I Didn't Forget On Purpose
It was Mother's Day and I didn't think of Prim's birth mom. Not once.
It wasn't until this morning, when I saw Sharon's Facebook post, that I thought of that young girl so very far away. What does that say about me? That I didn't think about the girl who gave life to our daughter. The one who will say goodbye a thousand times (maybe) throughout her life while I watch every milestone and cherish every hug.
I didn't mean to forget. But sometimes I do. There are days when her adoption is so far from my mind. There are more days when I think I should remember giving birth to her myself. I actually try and recall those first few moments of our meeting to remind myself of how she got here and then feel sad that I didn't carry her for those precious nine months.

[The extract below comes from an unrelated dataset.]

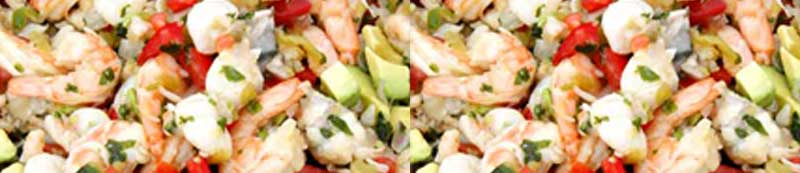 Closeup of ceviche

It's not that I forget on purpose. Birthdays are more poignant to me than Mother's Day where her birth mother are concerned but still......I wonder as time goes on if I will think of her less or more...
2 comments:
I also forgot April, too busy taking care of 11 girls, had NO time to reflect at all on Sunday, which normally I do!! Don't be too hard on yourself, at least Mother's day is not celebrated in Thailand on this day, but August 12, so make a note and think of her on that special day!! I know I will!!

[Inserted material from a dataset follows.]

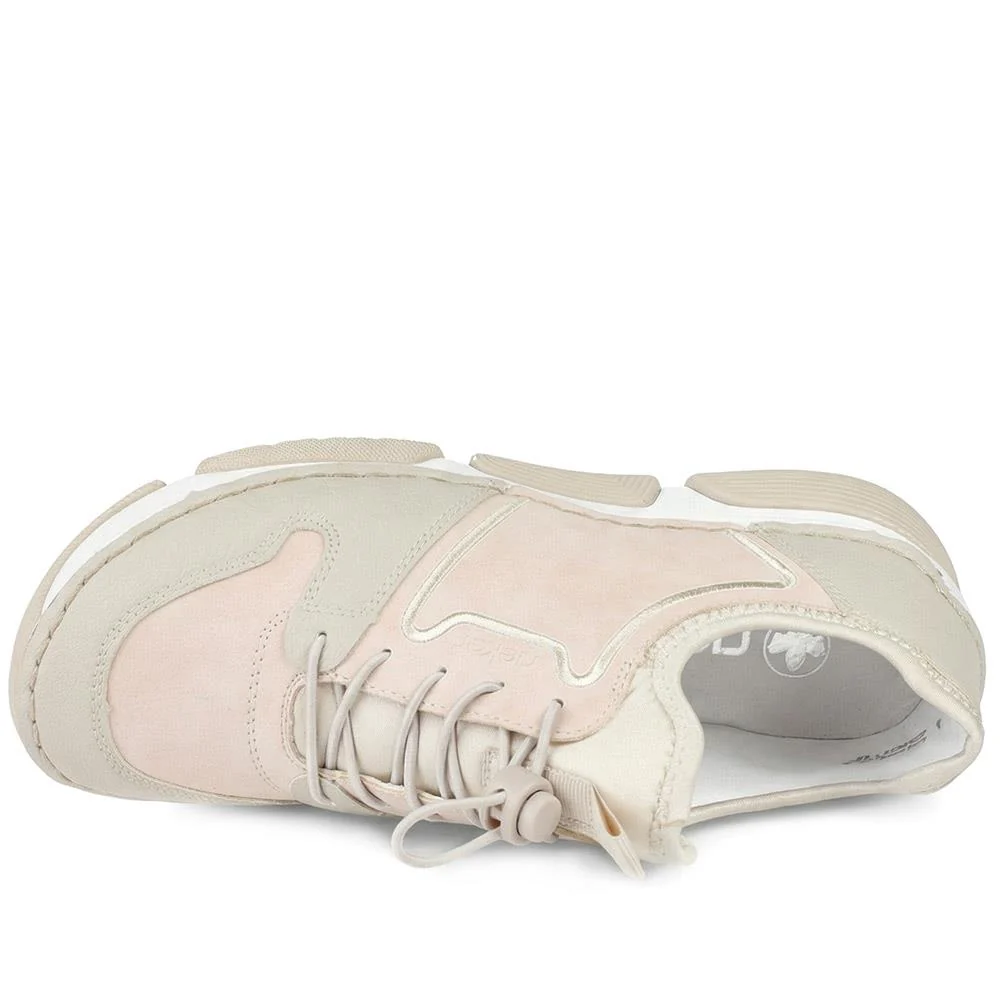 Rieker Bungee Lace City Trainers - RKR43529 / 328 780 - Beige - Image 4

August 12th, Mother's Day in Thailand, is actually Lily's adoption day. It was so great to be there with my new daughter on that day!
You will think about Grace's birthmom as she gets old, I'll bet. I actually find that the older Becky gets the more I think about her birthmom. That's probably because Becky is about the same age as her birthmom was when she gave birth to her and because Becky looks so much like her at this age.
I actually find myself thinking of Becky's birthmom a lot more than I do of Lily's for some reason.
Don't feel guilty; you are celebrating Grace's birthmother every day by raising such a lovely young lady about whom she would be so proud.